Wednesday, February 3, 2016

Fuse Integration Service - Setup JBDS and create first quickstart application

Before we go and start creating our first application, I want to show you how to setup your JBoss Developer Studio, create a small application from the quickstart example and then running it on Fuse Integration Service.

I am using JBoss Developer Studio version 9, you can find it here.
After download the

  • jboss-devstudio-9.0.0.GA-installer-eap.jar

double-click it, and start installing with default values.

After successful installation, we will need install the plugins for Fuse, on JBoss Central view, select software update, select enable early access.


And select JBoss Fuse Development for the plugin,


Click on install, and we are all set to go!

First thing first, we want to create a Fuse project to deploy on the base of Fuse Integration Service, which is OpenShift. If you have not installed it, please go back to my previous post for instructions. So on your JBDS, right click and start creating the project. Select new, maven project, if you have installed the plugin correctly, you should see the "Fuse Tooling Remote Archetype Catalog" under Catalog option, select it.
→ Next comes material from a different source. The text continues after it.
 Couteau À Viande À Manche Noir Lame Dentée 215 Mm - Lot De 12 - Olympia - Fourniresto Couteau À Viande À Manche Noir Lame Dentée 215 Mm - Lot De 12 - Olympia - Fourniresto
Select the cdi-mq archetype and for current OpenShift 3.1 make sure it matches the archetype version 2.2.0.redhat-079,


Create the application with 
  • Group ID: com.redhat
  • Artifact ID: mqservicedemo




The project should be created.  The reason we are creating with this archetype is because I want to show you a brilliant idea from Fabric8 that will be very useful. In Fabric8, by using the CDI extension, we can inject service we created in OpenShift to the client by simply specifying the @ServiceName and @Factory in our application. It will automatically locate where the service's clustered Host and Port in our OpenShift environment, since if we are moving to cloud, the server instance will change frequently, so it will be unrealistic to point to real physical location.

Let's start by creating a messaging service named Broker in our Fuse Integration Service, login to OpenShift, which is the base platform of Fuse Integration Service, create a project called demo if you have not already done so.

Add AMQ broker to demo project, we will use the most basic image, choose amq62-basic.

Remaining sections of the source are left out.